(Excerpted data Opens)

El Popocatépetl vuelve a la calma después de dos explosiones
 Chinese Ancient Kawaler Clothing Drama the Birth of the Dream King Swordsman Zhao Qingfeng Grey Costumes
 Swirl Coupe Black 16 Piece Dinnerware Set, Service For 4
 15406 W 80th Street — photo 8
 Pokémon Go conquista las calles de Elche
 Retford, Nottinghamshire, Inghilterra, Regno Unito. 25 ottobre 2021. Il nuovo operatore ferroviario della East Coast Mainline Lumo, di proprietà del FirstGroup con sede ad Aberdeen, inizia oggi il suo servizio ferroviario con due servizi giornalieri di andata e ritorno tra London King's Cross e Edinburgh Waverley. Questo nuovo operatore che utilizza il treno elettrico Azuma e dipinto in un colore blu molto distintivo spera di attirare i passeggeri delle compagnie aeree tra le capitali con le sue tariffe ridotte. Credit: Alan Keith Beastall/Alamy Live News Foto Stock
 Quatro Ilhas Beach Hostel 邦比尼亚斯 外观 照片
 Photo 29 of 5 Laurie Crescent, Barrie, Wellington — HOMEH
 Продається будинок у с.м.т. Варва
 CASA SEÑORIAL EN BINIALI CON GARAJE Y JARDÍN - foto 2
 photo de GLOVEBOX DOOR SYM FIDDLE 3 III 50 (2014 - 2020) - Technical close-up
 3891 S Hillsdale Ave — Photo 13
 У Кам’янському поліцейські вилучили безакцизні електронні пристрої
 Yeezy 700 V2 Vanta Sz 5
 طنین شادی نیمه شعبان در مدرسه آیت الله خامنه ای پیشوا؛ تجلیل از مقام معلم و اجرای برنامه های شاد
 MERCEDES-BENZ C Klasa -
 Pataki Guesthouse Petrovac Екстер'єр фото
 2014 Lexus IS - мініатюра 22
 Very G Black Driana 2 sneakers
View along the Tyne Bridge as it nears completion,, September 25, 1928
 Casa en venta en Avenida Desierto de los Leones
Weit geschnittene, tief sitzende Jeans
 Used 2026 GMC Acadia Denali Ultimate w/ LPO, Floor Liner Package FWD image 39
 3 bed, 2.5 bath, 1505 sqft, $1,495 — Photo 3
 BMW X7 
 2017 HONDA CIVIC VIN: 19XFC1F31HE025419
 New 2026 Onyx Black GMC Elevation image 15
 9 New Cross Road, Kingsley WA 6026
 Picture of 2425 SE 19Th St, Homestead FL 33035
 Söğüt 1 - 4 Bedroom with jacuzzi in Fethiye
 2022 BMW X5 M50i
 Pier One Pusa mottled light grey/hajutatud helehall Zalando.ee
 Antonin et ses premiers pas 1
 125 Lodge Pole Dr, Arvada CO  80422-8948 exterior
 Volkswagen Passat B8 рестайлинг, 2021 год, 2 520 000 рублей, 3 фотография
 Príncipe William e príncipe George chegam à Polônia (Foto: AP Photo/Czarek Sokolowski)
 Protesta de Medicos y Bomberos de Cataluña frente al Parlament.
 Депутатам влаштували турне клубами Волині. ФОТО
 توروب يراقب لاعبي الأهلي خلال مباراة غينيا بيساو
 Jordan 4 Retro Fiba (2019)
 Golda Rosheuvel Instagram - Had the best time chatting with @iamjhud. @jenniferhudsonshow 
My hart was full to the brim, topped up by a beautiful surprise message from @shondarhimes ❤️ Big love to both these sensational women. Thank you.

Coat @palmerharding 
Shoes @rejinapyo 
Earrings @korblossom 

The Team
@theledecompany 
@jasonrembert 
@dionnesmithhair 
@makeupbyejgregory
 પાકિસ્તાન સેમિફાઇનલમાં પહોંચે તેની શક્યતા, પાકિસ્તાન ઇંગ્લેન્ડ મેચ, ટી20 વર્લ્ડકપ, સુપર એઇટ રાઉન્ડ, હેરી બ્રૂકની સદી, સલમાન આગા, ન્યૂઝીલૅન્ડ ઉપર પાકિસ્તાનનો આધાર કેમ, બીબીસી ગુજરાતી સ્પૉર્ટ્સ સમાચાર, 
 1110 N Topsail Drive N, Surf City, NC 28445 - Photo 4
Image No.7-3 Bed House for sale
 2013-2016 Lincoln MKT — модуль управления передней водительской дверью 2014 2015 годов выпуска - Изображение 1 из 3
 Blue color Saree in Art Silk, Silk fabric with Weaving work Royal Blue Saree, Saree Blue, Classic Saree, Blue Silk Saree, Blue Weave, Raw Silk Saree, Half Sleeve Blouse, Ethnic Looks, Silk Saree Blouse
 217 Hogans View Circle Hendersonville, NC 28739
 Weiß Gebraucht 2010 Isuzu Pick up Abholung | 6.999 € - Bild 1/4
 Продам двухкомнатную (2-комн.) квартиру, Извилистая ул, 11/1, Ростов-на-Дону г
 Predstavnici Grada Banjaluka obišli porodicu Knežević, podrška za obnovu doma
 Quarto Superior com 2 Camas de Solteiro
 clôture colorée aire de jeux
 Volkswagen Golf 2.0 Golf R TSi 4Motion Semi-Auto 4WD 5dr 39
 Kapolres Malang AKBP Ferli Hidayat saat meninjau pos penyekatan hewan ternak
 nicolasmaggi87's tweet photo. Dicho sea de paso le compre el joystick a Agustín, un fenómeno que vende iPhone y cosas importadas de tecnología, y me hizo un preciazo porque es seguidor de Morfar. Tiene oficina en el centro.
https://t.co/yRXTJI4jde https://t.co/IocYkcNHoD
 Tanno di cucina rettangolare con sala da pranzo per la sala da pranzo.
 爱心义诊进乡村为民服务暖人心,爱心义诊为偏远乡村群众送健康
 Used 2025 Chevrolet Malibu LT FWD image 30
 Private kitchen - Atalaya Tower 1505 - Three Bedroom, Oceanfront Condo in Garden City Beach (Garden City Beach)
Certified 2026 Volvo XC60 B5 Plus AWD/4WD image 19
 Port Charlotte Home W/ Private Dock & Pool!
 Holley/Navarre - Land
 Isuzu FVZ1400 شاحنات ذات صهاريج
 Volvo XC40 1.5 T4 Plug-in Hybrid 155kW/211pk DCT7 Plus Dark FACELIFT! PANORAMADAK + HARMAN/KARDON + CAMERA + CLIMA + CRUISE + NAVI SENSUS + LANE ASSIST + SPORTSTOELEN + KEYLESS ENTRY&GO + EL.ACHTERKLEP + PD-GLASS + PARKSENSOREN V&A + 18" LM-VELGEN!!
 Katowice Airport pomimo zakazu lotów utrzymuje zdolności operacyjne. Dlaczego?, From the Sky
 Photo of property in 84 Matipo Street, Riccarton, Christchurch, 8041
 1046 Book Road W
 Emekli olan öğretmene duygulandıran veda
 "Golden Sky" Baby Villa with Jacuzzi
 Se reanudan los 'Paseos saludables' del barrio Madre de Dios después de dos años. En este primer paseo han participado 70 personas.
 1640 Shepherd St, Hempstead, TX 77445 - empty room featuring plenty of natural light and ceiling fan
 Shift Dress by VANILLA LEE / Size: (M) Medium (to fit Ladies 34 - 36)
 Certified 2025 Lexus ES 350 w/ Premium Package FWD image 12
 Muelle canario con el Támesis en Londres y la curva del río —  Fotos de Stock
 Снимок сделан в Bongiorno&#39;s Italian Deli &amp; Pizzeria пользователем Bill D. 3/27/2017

(Excerpted data Closes)

Task to complete: The lines above, from the first through the one containing "Pokémon Go conquista las calles de Elche", must be restated word for word, with nothing added.

Solution to the problem:
El Popocatépetl vuelve a la calma después de dos explosiones
 Chinese Ancient Kawaler Clothing Drama the Birth of the Dream King Swordsman Zhao Qingfeng Grey Costumes
 Swirl Coupe Black 16 Piece Dinnerware Set, Service For 4
 15406 W 80th Street — photo 8
 Pokémon Go conquista las calles de Elche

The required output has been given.